╭─ Given records

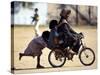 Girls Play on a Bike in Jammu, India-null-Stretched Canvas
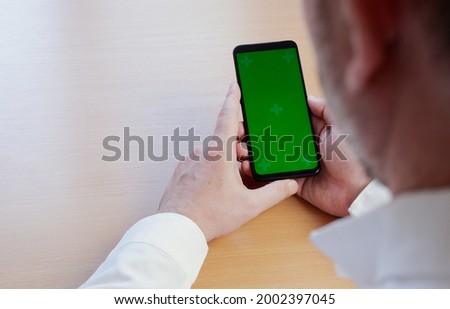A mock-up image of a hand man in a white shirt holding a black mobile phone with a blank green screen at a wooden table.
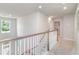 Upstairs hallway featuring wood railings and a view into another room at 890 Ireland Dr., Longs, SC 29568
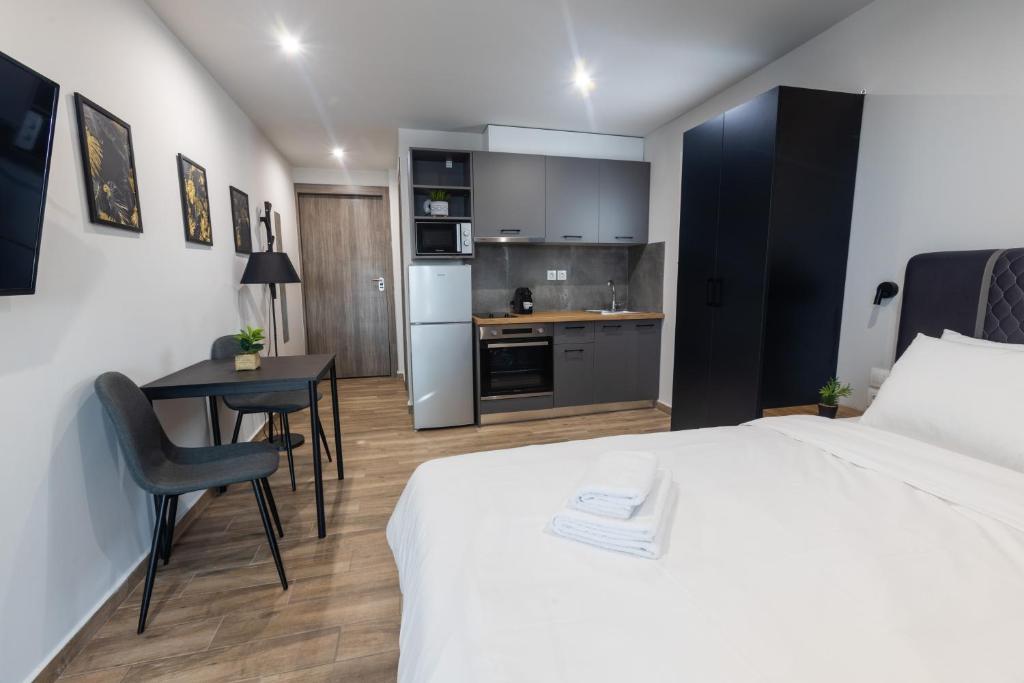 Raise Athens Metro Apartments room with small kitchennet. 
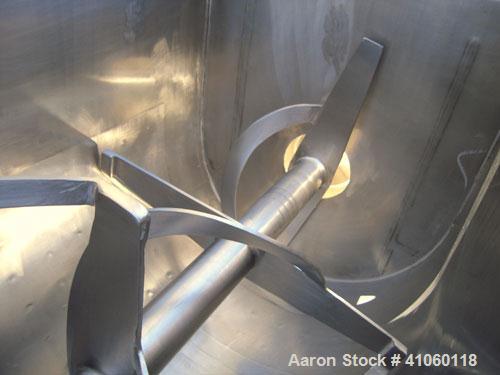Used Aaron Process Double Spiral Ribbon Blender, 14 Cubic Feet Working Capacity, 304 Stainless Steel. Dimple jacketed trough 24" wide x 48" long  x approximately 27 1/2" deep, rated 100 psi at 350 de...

╰─

## Task item
Beginning with the line that contains "Raise Athens Metro", write out every line through the last one in the records, exactly and without pictures.

## Answer below
 Raise Athens Metro Apartments room with small kitchennet. 
Used Aaron Process Double Spiral Ribbon Blender, 14 Cubic Feet Working Capacity, 304 Stainless Steel. Dimple jacketed trough 24" wide x 48" long  x approximately 27 1/2" deep, rated 100 psi at 350 de...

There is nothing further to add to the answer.